◆ Activity ◆
In the entries that follow, locate the line with "White gold Princess", then restate that line and all later lines exactly as they appear, leaving pictures out.

(Extracted data entries)
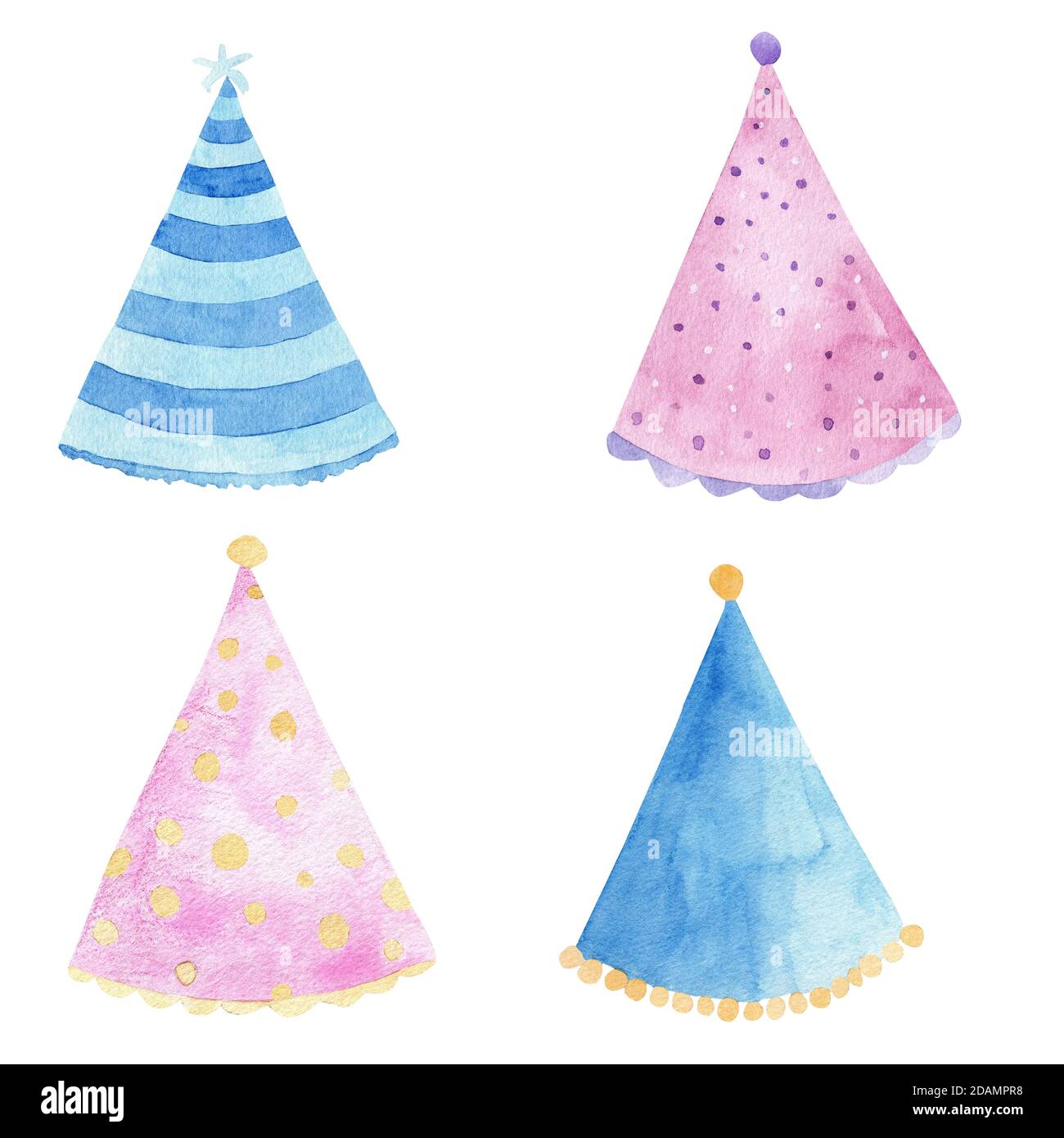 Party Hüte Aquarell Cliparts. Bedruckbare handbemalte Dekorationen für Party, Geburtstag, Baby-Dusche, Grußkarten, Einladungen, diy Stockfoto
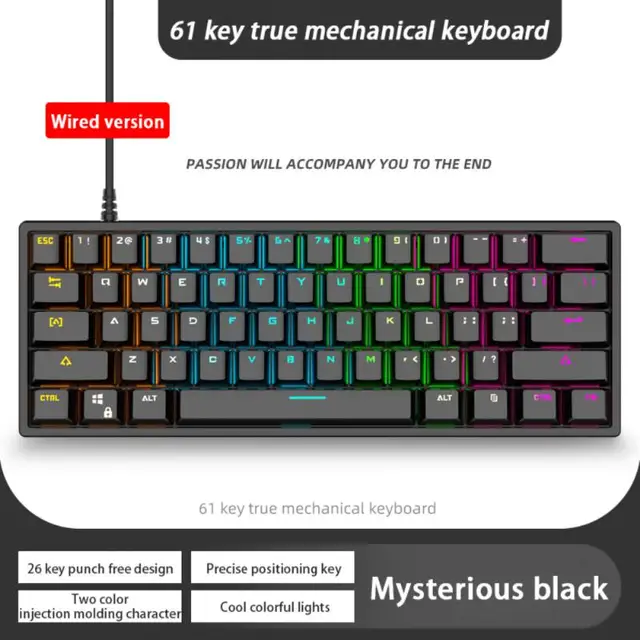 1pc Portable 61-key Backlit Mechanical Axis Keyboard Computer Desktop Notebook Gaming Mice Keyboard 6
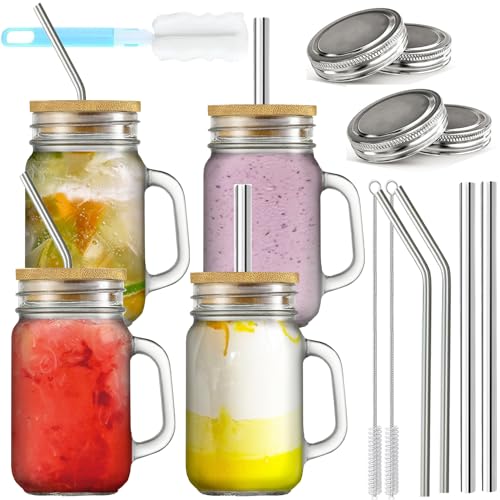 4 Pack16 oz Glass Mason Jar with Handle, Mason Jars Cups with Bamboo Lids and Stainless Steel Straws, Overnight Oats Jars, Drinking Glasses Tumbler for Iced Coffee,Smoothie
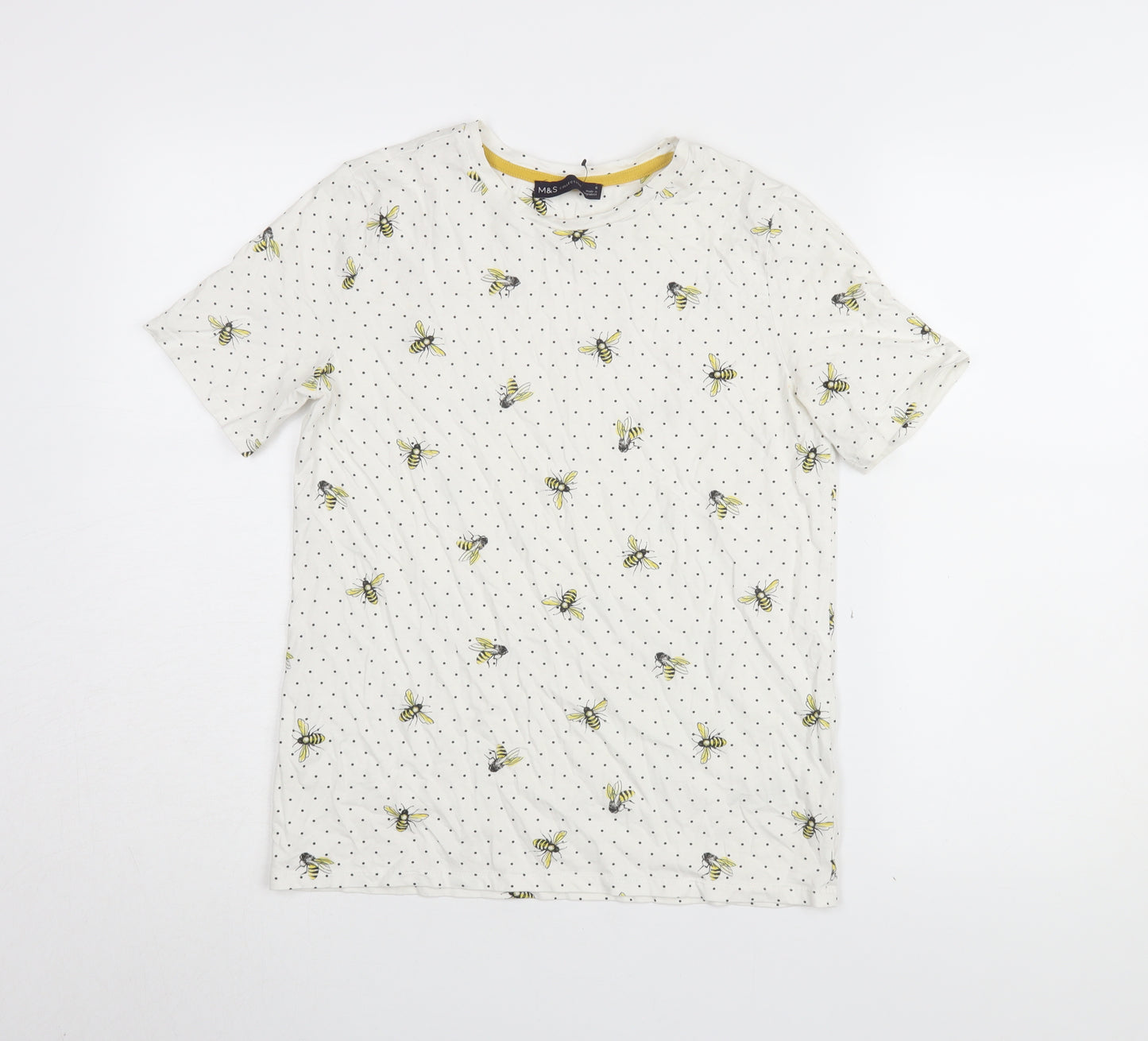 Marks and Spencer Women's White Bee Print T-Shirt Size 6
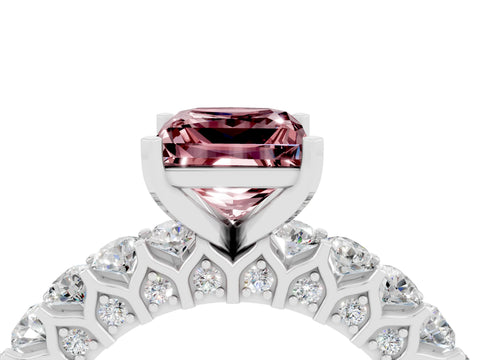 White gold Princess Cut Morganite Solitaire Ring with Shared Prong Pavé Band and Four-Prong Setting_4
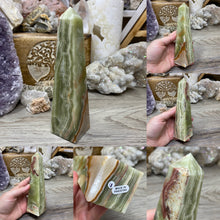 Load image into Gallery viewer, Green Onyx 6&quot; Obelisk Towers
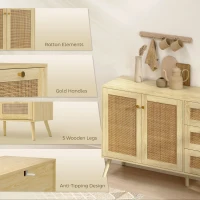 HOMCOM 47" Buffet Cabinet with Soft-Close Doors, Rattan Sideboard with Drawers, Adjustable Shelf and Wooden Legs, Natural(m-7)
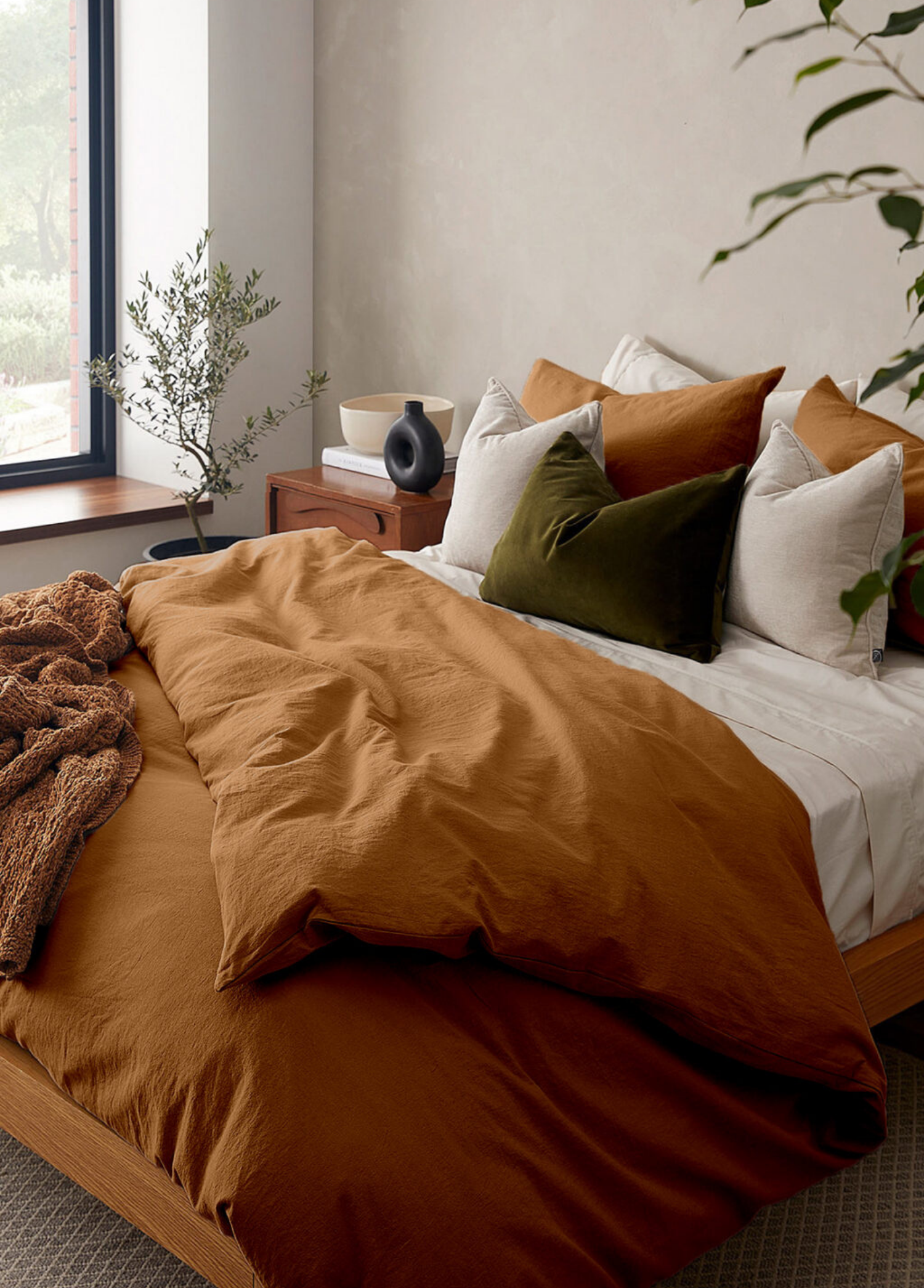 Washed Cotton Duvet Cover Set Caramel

◆ Answer to this problem ◆
 White gold Princess Cut Morganite Solitaire Ring with Shared Prong Pavé Band and Four-Prong Setting_4
 Load image into Gallery viewer, Green Onyx 6&quot; Obelisk Towers
 HOMCOM 47" Buffet Cabinet with Soft-Close Doors, Rattan Sideboard with Drawers, Adjustable Shelf and Wooden Legs, Natural(m-7)
 Washed Cotton Duvet Cover Set Caramel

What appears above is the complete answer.